Physical malformations caused by different factors aren’t likely to be detected until 18 weeks or later, Grossman said. Once they’re discovered, many women like Stewart opt to get additional tests to confirm the prognosis.
Grossman said racing against the clock to get additional testing could put the woman and her doctor in a “very difficult situation.”
Schaefer, who supported the 20-week ban in 2013, said his vote was based in part on the idea that a fetus can feel pain at that point of development. Now, he says, even if the fetus suffers, it’s better to honor life than end it.
“Pain and suffering, living and dying is part of the human condition,” he said.
Stewart said that for her, protecting her son from pain was paramount.

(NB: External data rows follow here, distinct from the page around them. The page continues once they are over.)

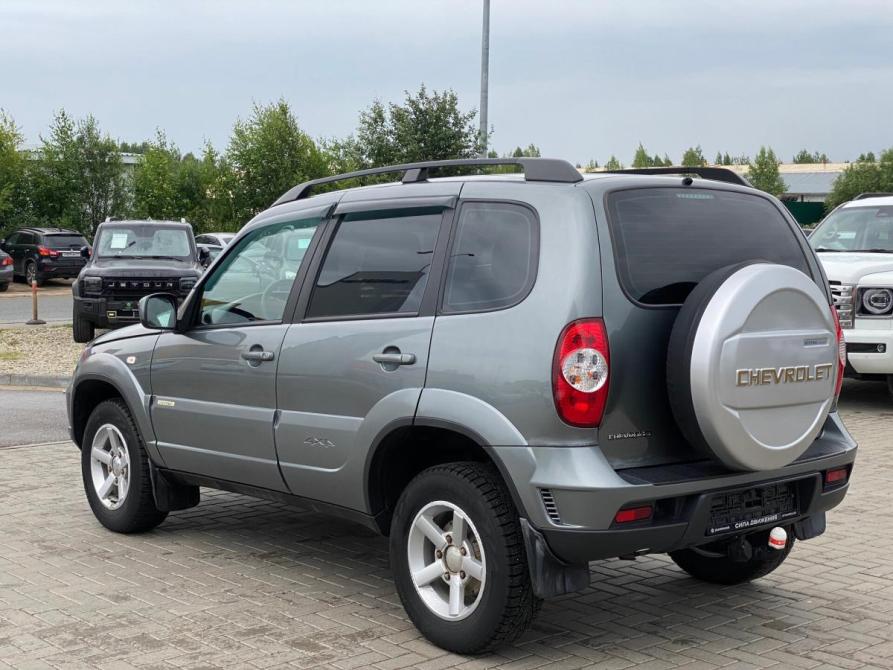 Chevrolet Niva I Рестайлинг Сыктывкар  - изображение 5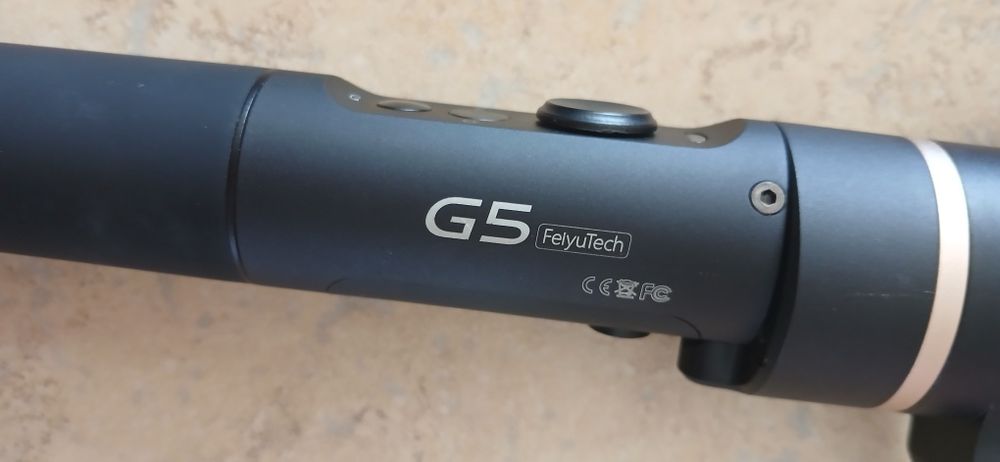 Gimbal Estabilizador Feiyu Tech G5
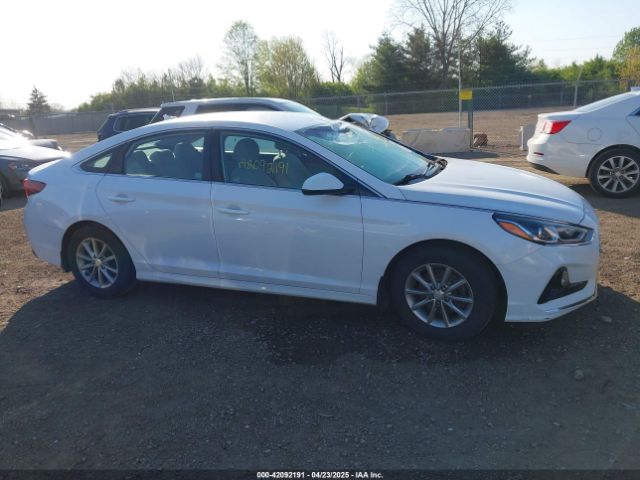 5NPE24AA2JH718958 Hyundai SONATA ECO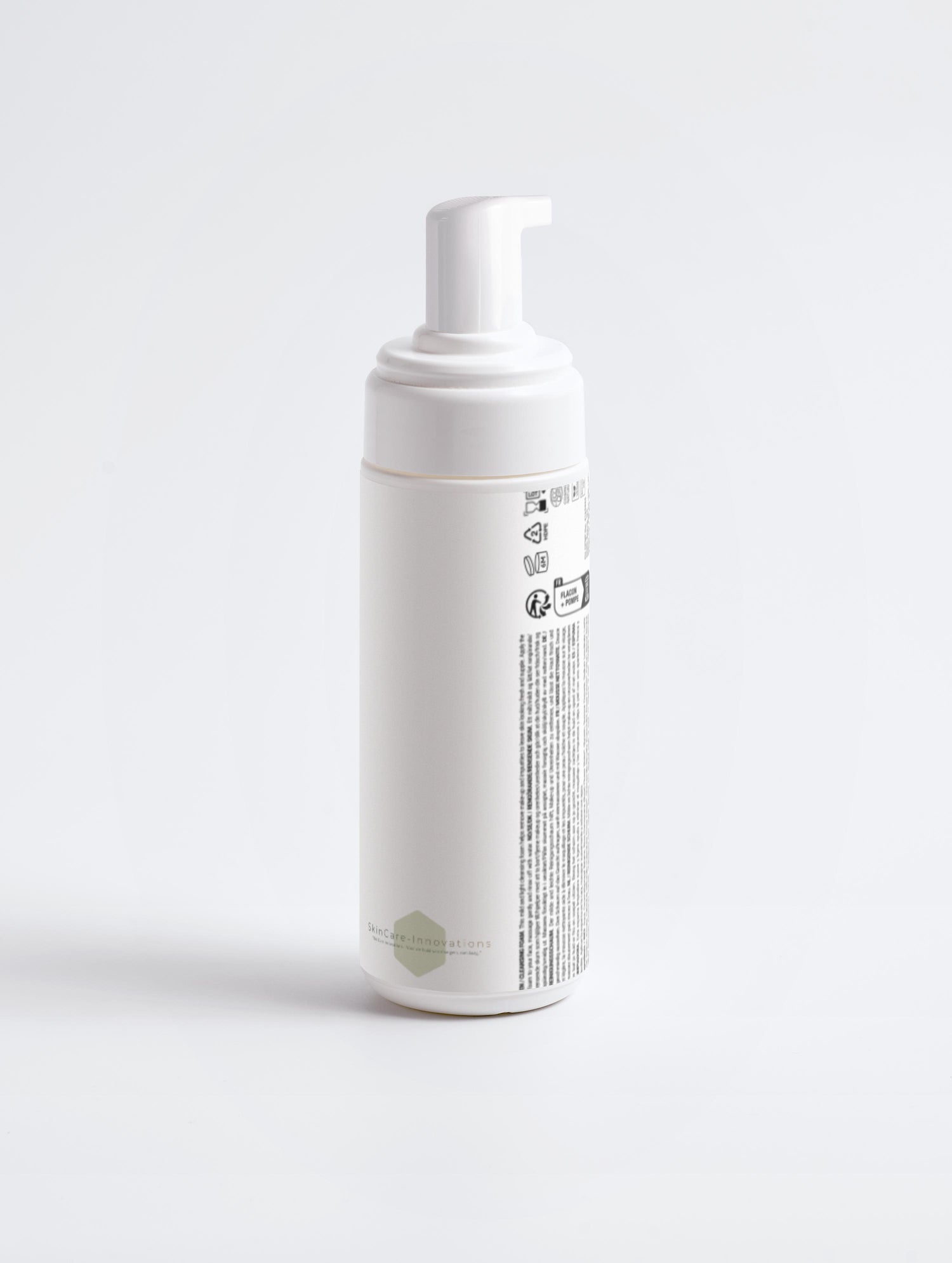 Cleansing Foam  – Frisse reiniging voor de lichte huid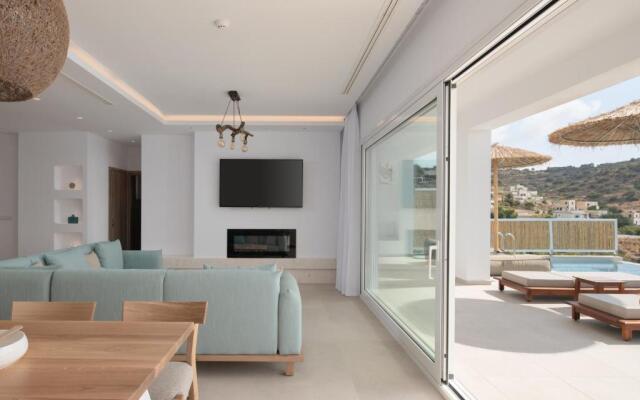 KommoSunset Villas I,II,III with Sublime SeaViews, by ThinkVilla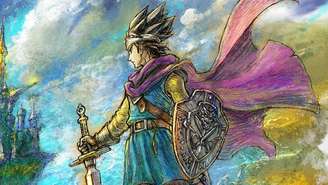 Dragon Quest III HD-2D Remake virá com mudanças que não agradaram o criador da franquia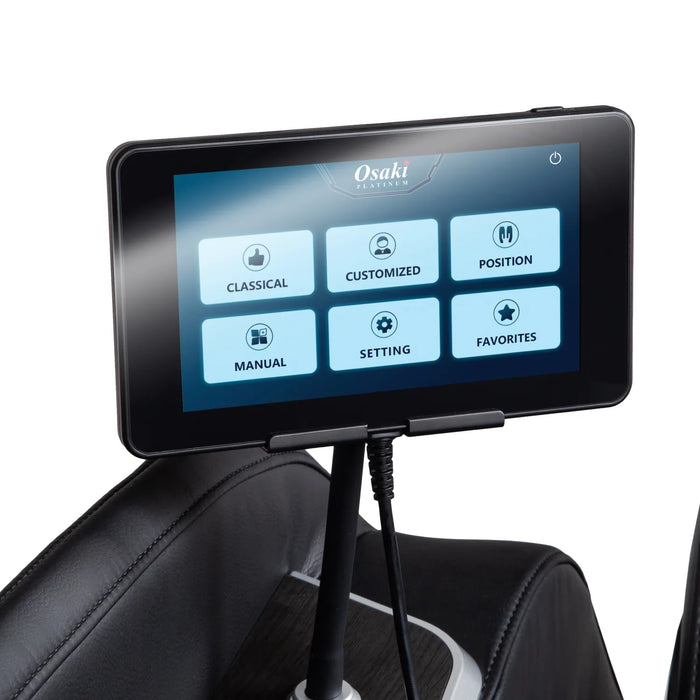 Osaki Platinum - Horizon 4D Pro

“The decision that we made was not for us,” Stewart said. “It was about him. Every single day that I carried that child after knowing how unhealthy he was was heartbreaking for me.”

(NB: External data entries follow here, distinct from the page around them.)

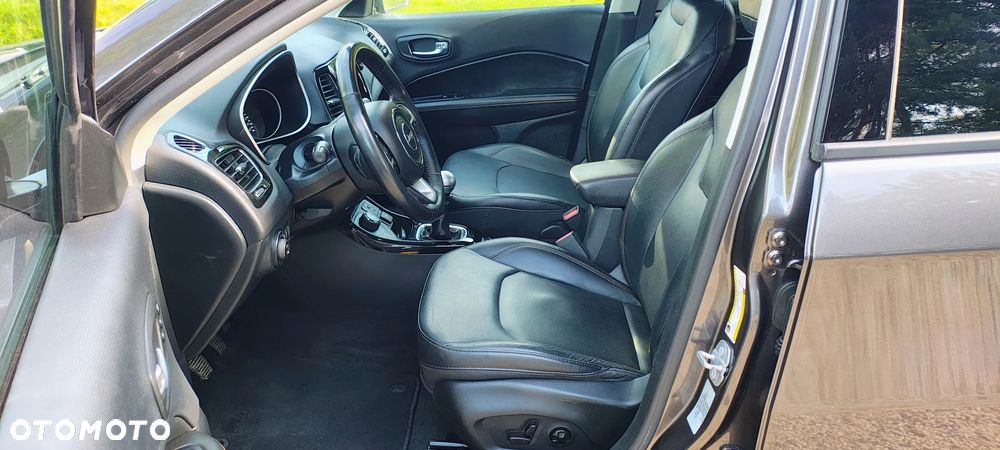 Jeep Compass 2.0 MJD Limited 4WD S&S - 9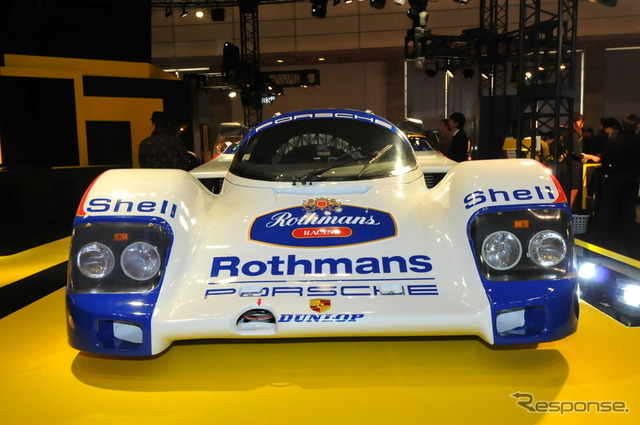 ポルシェ 962C ダンロップ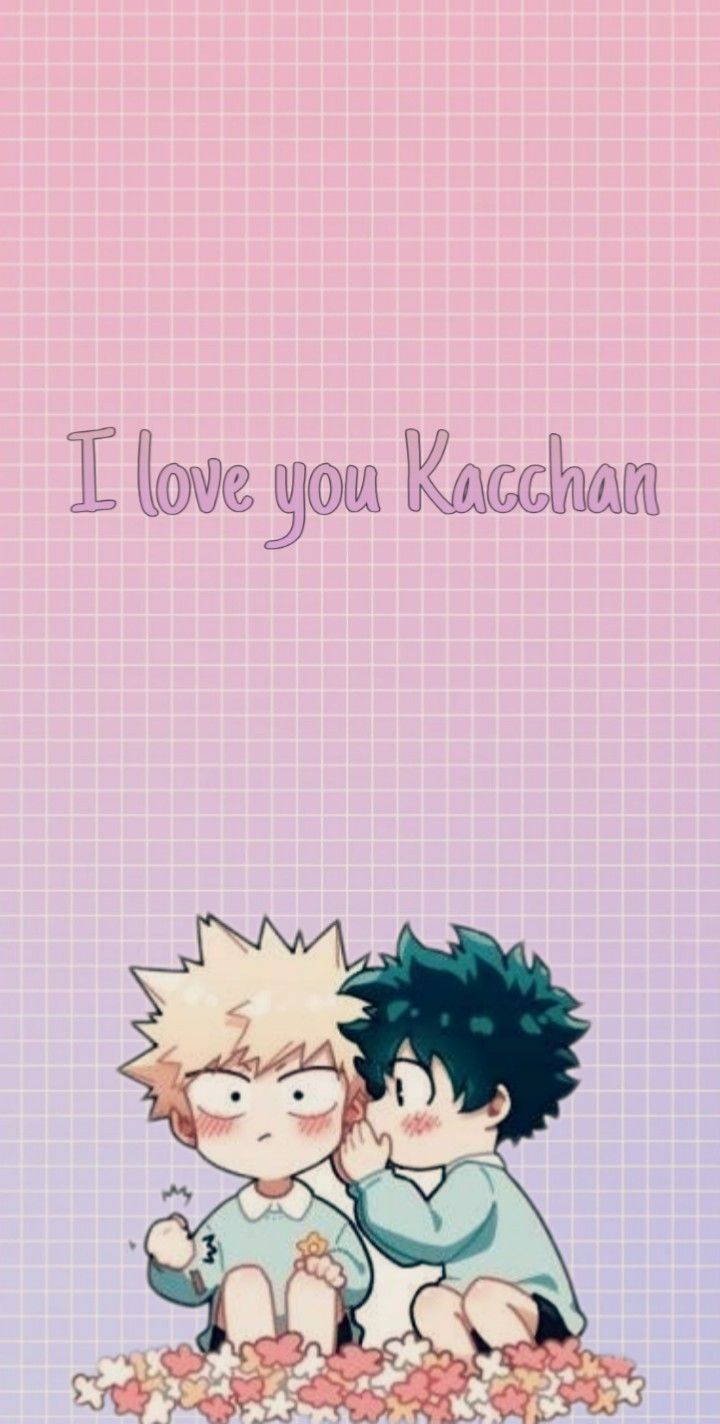 720x1424 Deku Baku Wallpaper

For 191/2 weeks of her pregnancy, everything was fine. The whole family was looking forward to welcoming a first child and grandchild.
But in the two weeks between the first sign of trouble to her final sonogram, Stewart said, the defects appeared dramatically worse.
“The child’s legs — like the thigh bones — had started to curve. The head had grown enormously in size. It was filled with fluid, and the baby was basically drowning in there,” she said.
Stewart said she felt at peace after the procedure “because he was at peace.”
Of the 14 states that ban abortion around 20 weeks of pregnancy, four, including Texas, have an exception for fetal anomalies, said Elizabeth Nash of the Guttmacher Institute, a Washington-based abortion-rights organization. It’s defined in Texas statute as “a life-threatening physical condition that … is incompatible with life outside the womb.”
Schaefer’s bill has been stalled in a House committee. So, last month, he brought it up before the full House as an amendment to a bill to reauthorize the Department of State Health Services.
After an emotional debate, the House’s overwhelming GOP majority voted for the provision.
Democrats then threatened to derail the measure over an unrelated violation of House rules, so the bill’s author withdrew it for review.
Now it’s unclear whether the bill will get a vote in the House before a key deadline, but Schaefer said he’s ready to introduce the amendment again if it does.